*EXERCISE AIM*.
Reproduce, exactly, the lines of the material below from the line containing "Внедорожник / Кроссовер Kia Sorento 2012 в" through the line containing "Tadashi Shoji Pale", with both end lines included and nothing else.

*STORED DATA*.
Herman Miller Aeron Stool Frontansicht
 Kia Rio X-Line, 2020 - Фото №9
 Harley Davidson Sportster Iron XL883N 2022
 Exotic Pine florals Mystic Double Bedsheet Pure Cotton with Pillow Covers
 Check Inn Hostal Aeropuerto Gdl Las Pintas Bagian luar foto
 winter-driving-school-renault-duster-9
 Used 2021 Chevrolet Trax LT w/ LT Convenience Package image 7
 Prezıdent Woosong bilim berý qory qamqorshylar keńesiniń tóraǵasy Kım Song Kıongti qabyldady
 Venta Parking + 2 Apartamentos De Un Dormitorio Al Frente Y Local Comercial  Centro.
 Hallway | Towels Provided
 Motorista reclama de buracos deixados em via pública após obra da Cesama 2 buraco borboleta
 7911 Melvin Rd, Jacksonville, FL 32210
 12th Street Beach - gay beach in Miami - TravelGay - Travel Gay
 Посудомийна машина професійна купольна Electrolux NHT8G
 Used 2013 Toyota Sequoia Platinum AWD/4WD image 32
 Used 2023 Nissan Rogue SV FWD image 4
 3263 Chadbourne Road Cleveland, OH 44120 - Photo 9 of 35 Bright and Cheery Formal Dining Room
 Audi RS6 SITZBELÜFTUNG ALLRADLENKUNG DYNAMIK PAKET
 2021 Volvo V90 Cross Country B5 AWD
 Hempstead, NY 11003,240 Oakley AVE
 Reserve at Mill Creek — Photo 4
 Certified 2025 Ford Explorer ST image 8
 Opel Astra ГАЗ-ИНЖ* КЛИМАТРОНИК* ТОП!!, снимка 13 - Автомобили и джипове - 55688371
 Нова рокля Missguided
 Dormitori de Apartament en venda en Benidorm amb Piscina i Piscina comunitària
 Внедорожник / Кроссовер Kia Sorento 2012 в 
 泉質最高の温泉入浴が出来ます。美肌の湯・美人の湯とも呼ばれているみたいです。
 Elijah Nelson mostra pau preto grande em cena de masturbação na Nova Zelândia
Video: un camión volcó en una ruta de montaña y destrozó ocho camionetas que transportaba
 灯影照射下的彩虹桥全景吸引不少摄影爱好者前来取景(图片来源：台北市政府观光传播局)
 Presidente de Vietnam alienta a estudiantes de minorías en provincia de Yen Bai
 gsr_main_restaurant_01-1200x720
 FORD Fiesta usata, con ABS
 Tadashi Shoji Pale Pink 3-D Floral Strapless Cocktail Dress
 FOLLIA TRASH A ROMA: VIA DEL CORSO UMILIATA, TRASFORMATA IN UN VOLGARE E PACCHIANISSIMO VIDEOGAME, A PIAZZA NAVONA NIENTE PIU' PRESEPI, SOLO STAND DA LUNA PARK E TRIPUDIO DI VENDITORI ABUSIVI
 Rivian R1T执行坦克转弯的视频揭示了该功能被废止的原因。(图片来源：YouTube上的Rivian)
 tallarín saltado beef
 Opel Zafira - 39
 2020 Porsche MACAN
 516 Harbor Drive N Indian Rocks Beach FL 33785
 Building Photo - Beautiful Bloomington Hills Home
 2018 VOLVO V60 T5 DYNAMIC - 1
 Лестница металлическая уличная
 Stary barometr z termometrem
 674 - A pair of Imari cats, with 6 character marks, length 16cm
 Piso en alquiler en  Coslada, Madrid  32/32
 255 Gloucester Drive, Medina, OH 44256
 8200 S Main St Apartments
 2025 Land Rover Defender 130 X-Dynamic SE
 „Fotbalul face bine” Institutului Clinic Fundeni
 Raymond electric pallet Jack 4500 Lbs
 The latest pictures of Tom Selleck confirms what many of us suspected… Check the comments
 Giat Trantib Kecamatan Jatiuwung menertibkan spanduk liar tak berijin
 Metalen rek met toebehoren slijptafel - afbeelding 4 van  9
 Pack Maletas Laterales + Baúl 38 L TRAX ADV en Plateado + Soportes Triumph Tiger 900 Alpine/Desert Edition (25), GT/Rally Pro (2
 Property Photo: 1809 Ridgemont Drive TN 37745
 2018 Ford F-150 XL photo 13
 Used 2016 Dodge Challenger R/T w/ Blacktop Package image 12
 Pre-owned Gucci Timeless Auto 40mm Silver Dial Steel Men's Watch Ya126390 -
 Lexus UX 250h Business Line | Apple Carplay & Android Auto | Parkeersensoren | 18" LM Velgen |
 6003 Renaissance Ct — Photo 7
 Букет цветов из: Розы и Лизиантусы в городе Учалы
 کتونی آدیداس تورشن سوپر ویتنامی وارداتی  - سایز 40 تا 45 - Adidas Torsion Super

*ANSWER SECTION*.
 Внедорожник / Кроссовер Kia Sorento 2012 в 
 泉質最高の温泉入浴が出来ます。美肌の湯・美人の湯とも呼ばれているみたいです。
 Elijah Nelson mostra pau preto grande em cena de masturbação na Nova Zelândia
Video: un camión volcó en una ruta de montaña y destrozó ocho camionetas que transportaba
 灯影照射下的彩虹桥全景吸引不少摄影爱好者前来取景(图片来源：台北市政府观光传播局)
 Presidente de Vietnam alienta a estudiantes de minorías en provincia de Yen Bai
 gsr_main_restaurant_01-1200x720
 FORD Fiesta usata, con ABS
 Tadashi Shoji Pale Pink 3-D Floral Strapless Cocktail Dress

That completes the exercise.